• Required action
For every line in the material below that holds "White", report the line.

• Record excerpts
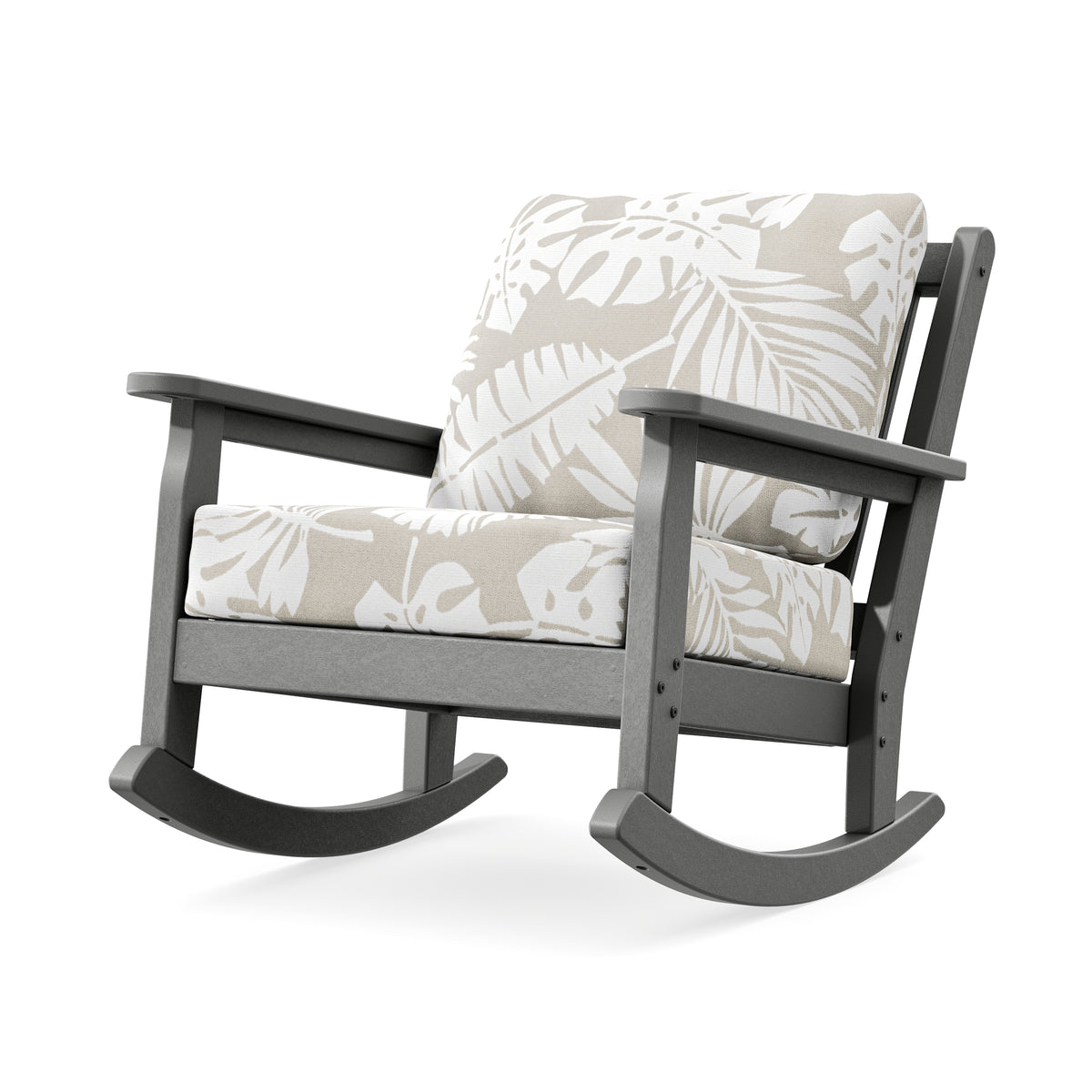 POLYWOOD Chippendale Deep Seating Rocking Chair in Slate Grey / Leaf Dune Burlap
...
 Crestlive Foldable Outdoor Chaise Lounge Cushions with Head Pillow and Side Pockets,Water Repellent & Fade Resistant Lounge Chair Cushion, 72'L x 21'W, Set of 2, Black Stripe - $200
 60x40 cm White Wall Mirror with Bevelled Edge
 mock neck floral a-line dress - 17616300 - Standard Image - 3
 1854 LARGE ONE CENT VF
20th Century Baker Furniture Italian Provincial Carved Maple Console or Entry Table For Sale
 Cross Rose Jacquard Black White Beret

• Output
 60x40 cm White Wall Mirror with Bevelled Edge
 Cross Rose Jacquard Black White Beret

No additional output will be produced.